Still of a polar bear looking down at the viewer, taken from Nate Milton's film This American Life

Nate Milton on animation as therapy

The animation director talks to us about “exorcising demons” through his creative practice, and why it’s important to not put his most personal experiences up for sale

“I believe with animation, which is coming directly from the artist’s hand – our fingerprints and our perspective are literally baked into the piece itself – it becomes the most truthful expression of a filmmaker,” says New York-based animator Nate Milton.

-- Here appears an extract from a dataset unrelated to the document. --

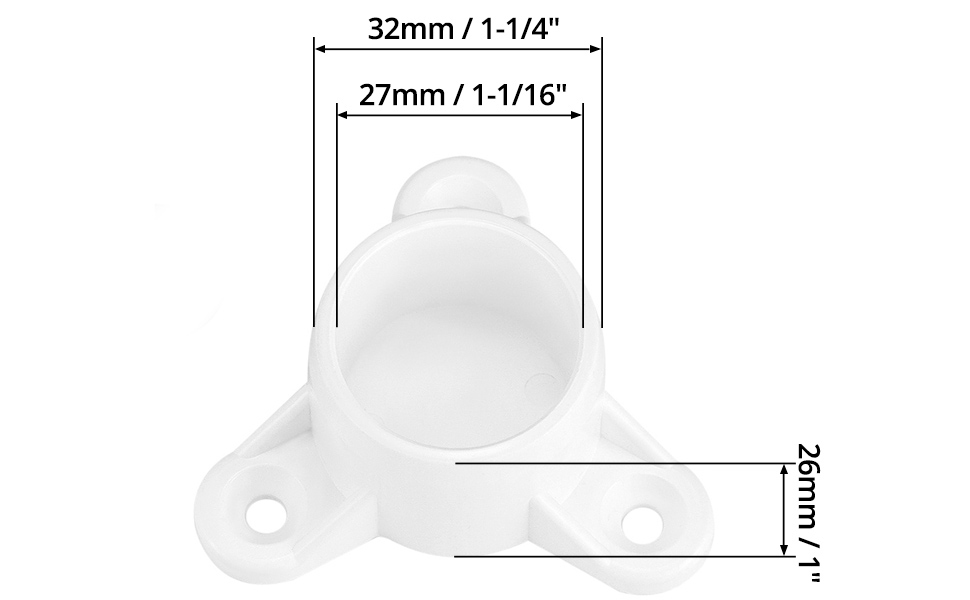 QWORK 3/4" PVC Furniture Grade Table Cap, 20 Pcs Table Screw Caps PVC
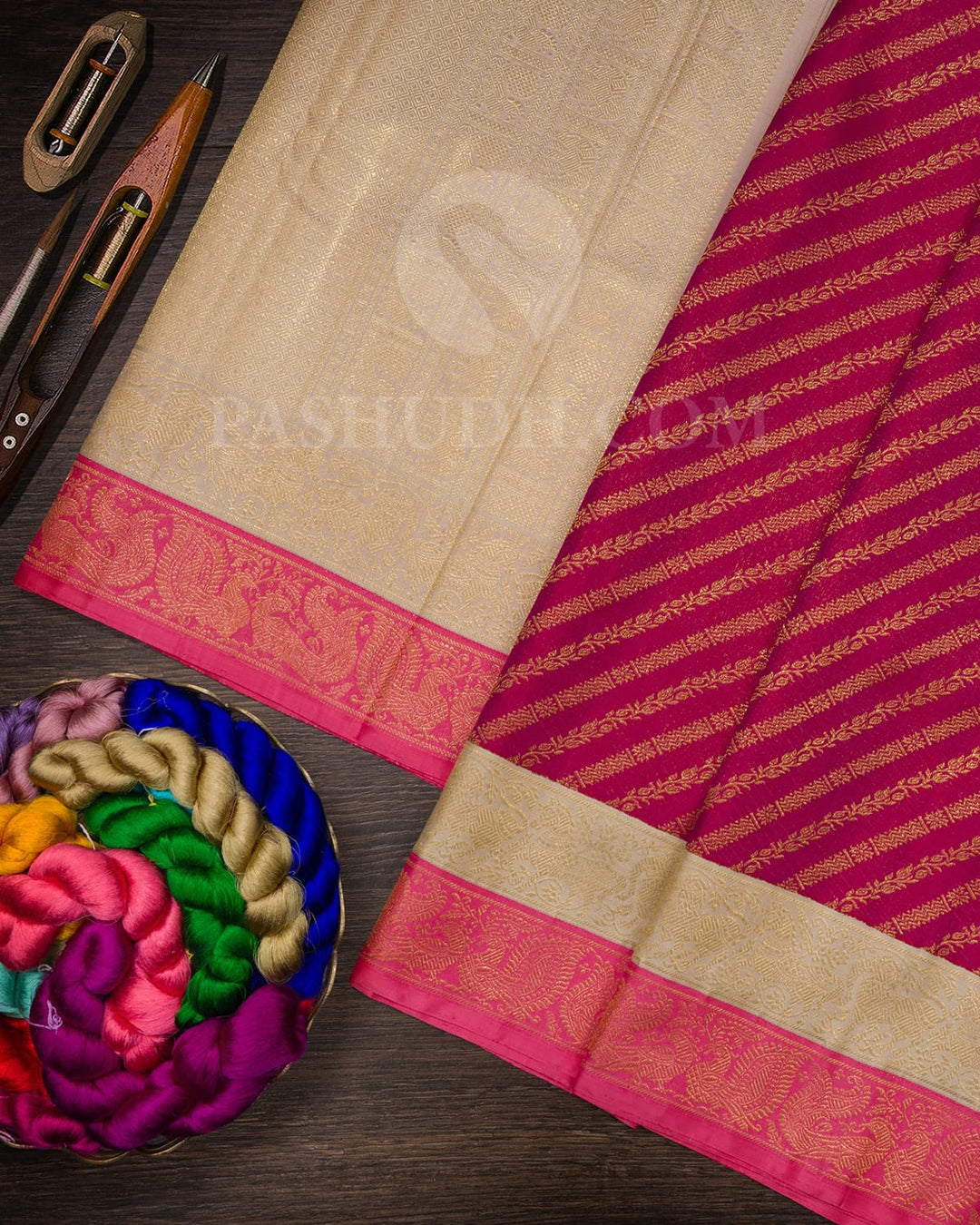 Rani Pink With Dual Shaded Half White And Baby Pink Kanjivaram Silk Saree-S1579(B)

He believes that even documentary film is a “warped take on reality from the director’s perspective”, but that animation is different. “It’s not capturing a feeling or a memory or a theme using real people and places to convey these ideas, to represent the perspective of the artist – it’s more of a mainline directly to and from the artist themselves.” For Milton, being an animator is about more than just the craft; it’s about the truth and about pure expression.

Over time, he has honed a distinctive style that he says hasn’t changed that much from his early days. “I studied and took years of life drawing and anatomy classes, but I still approach it the same way I did as a kid. I just sit down and draw it this one way,” he says. “Until recently, it’s been problematic professionally – I have friends in the business or from college that can draw perfectly in any style you throw at them, whereas I’m just stuck in my little niche. But now it’s finally working out.”